L’opposizione all’uso della statistica invece mi è più oscuro. Le serie storiche di variabili economiche possiedono una loro “memoria” o “struttura”. La statistica aiuta semplicemente ad indagare queste caratteristiche, senza la pretesa di ridurre il fenomeno studiato a queste sole caratteristiche statistiche e senza la pretesa di proporre questi modelli statistici come modelli olistici del fenomeno in questione. Il fatto che qualcuno là fuori non sappia usare la statistica o non ne conosca i limiti non ne mina la legittimità come strumento d’indagine. Guns don’t kill people, people kill people.

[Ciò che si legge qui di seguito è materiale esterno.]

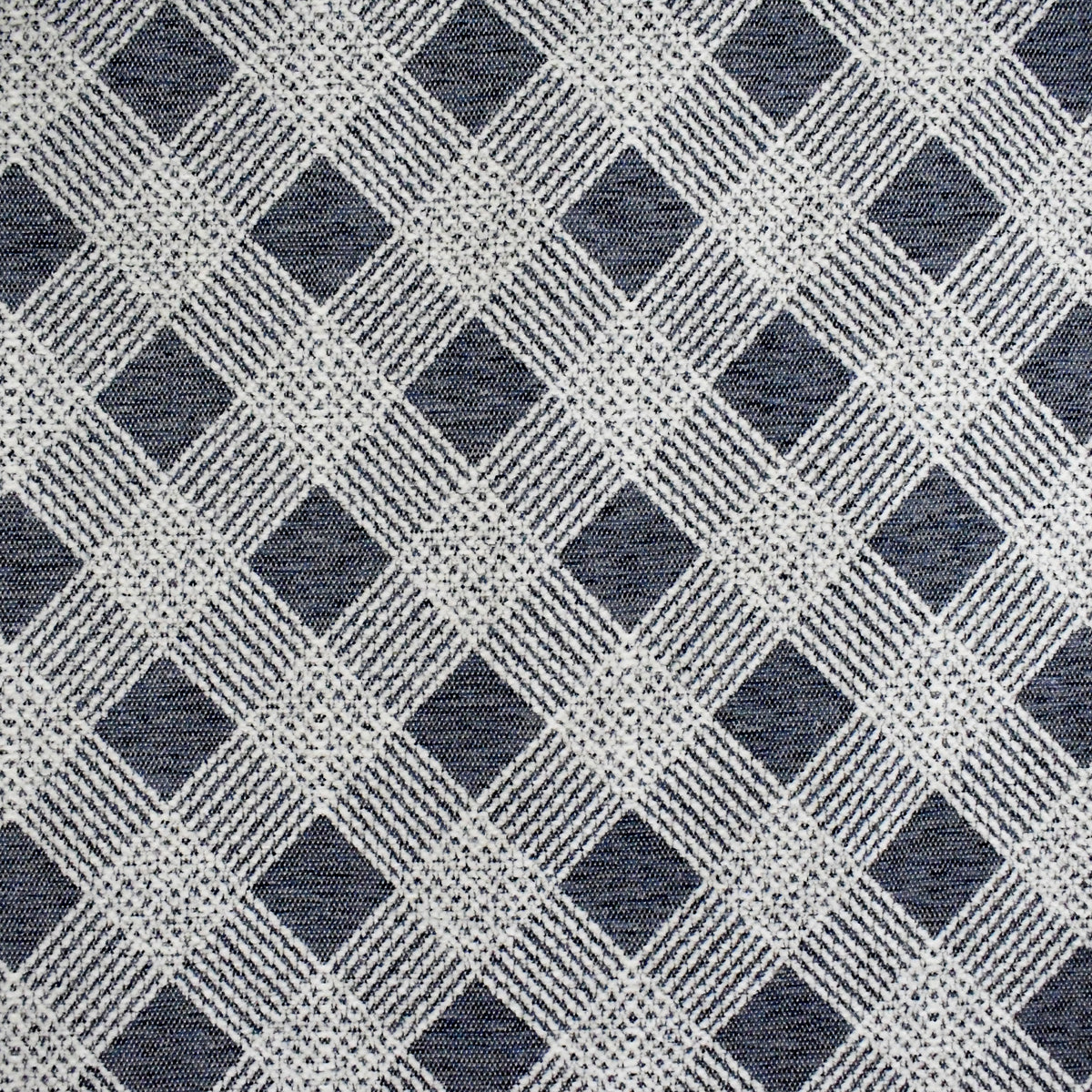 Greenhouse F4011 Fabric | Atlanta Fabrics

Questi modelli vengono in contro alla necessità di formarsi aspettative per il futuro. Ad esempio, chi lavora nel settore petrolifero ha la necessità di capire quale sarà il prezzo del greggio tra un mese. La statistica può cercare di generare delle stime future, ma non pretende di racchiudere nel modello statistico l’intero funzionamento del mercato petrolifero. Per un economista austriaco la conoscenza della statistica rappresenterebbe sicuramente un asset molto spendibile sia nel mercato del lavoro sia nel settore accademico.